(Short text fragments from websites)
....

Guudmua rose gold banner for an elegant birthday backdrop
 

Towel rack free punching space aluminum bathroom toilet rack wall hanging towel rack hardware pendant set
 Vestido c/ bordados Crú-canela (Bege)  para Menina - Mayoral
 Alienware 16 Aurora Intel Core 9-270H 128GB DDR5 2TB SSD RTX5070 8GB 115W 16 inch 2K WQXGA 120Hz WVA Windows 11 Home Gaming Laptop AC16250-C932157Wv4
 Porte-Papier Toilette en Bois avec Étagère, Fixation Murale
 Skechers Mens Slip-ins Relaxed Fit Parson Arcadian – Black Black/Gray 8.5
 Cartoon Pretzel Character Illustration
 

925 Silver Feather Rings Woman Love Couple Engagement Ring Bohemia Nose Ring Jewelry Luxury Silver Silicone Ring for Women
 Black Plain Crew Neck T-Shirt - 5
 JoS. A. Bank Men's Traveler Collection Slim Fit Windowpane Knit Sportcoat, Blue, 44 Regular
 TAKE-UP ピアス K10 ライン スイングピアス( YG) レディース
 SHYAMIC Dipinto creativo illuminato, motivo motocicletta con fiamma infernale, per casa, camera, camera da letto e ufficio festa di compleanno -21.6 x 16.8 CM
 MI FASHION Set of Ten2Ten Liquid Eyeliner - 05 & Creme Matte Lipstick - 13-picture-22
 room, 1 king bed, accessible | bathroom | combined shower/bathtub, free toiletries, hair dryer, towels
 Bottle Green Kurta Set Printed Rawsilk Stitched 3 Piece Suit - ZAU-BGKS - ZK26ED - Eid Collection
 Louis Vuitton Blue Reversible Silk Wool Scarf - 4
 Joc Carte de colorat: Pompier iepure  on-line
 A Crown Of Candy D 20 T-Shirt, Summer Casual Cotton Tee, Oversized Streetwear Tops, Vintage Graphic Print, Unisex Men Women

....

▶ **Your instructions**: All lines above from the one containing "Towel rack free" to the one containing "Joc Carte de" must be repeated exactly, both lines included, and no others.

▶ **Solution to the problem**:
Towel rack free punching space aluminum bathroom toilet rack wall hanging towel rack hardware pendant set
 Vestido c/ bordados Crú-canela (Bege)  para Menina - Mayoral
 Alienware 16 Aurora Intel Core 9-270H 128GB DDR5 2TB SSD RTX5070 8GB 115W 16 inch 2K WQXGA 120Hz WVA Windows 11 Home Gaming Laptop AC16250-C932157Wv4
 Porte-Papier Toilette en Bois avec Étagère, Fixation Murale
 Skechers Mens Slip-ins Relaxed Fit Parson Arcadian – Black Black/Gray 8.5
 Cartoon Pretzel Character Illustration
 

925 Silver Feather Rings Woman Love Couple Engagement Ring Bohemia Nose Ring Jewelry Luxury Silver Silicone Ring for Women
 Black Plain Crew Neck T-Shirt - 5
 JoS. A. Bank Men's Traveler Collection Slim Fit Windowpane Knit Sportcoat, Blue, 44 Regular
 TAKE-UP ピアス K10 ライン スイングピアス( YG) レディース
 SHYAMIC Dipinto creativo illuminato, motivo motocicletta con fiamma infernale, per casa, camera, camera da letto e ufficio festa di compleanno -21.6 x 16.8 CM
 MI FASHION Set of Ten2Ten Liquid Eyeliner - 05 & Creme Matte Lipstick - 13-picture-22
 room, 1 king bed, accessible | bathroom | combined shower/bathtub, free toiletries, hair dryer, towels
 Bottle Green Kurta Set Printed Rawsilk Stitched 3 Piece Suit - ZAU-BGKS - ZK26ED - Eid Collection
 Louis Vuitton Blue Reversible Silk Wool Scarf - 4
 Joc Carte de colorat: Pompier iepure  on-line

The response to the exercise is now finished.